Battlefield 2042 is for Players Who Just Want to Goof Off
In Battlefield 2042, nothing matters.
With 128 players scurrying around gargantuan maps at a time, scrambling to grab objectives, a single individual doesn’t make much of an impact. Each expat is a cog in a giant war machine as factions rally for control. When one soldier dies, it’s a “next man up” situation as a new one spawns in, ready to fight and likely die.

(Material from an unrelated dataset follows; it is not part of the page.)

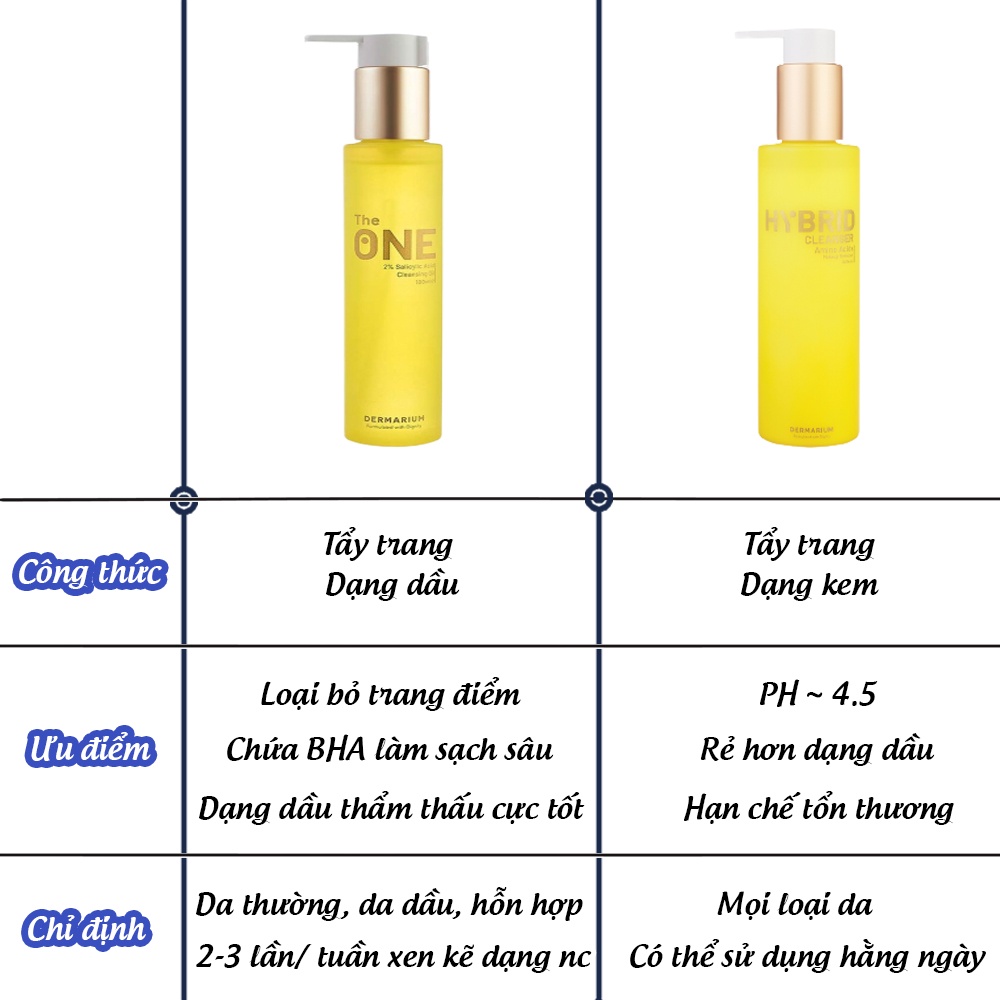Tẩy trang Dermarium The One dạng dầu, Hybrid dạng kem làm sạch sâu, giảm sợi bã nhờn 55ml, 150ml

That probably sounds nihilistic, but I don’t mean any of that in a bad way. On the contrary, futility is the game’s greatest strength. While playing a few rounds of Battlefield 2042’s Conquest mode ahead of its open beta, I was struck by just how free I felt compared to most online shooters. Without the stress of worrying I wasn’t contributing to the team hanging over my head, I was free to focus on the thing I actually care about when playing a multiplayer shooter: me.
Battlefield 2042 doesn’t need a single-player mode, because its multiplayer mode already functions like one.
Me party
For the demo, I was able to queue into the game’s Conquest mode, housed within the All Out Warfare tab, on the new Orbital map. That battlefield centers around a giant rocket, which launches (if all goes right) by the end of the round. While that was the only map available during the demo period, it was the only one I needed. Because the game supports 128 player matches on PC and current-gen consoles, battlefields are enormous. After spending hours on the map, I was still discovering new areas each time I loaded in.
It felt less like playing a multiplayer shooter and more like playing an open-world game like Far Cry. When I get in a vehicle and start aimlessly driving, it’s like I’ve dropped into a war-themed version of Forza Horizon. Yes, it’s a competitive game with clear win conditions, but I immediately found it more compelling as a sandbox game where I could live dozens of expendable lives.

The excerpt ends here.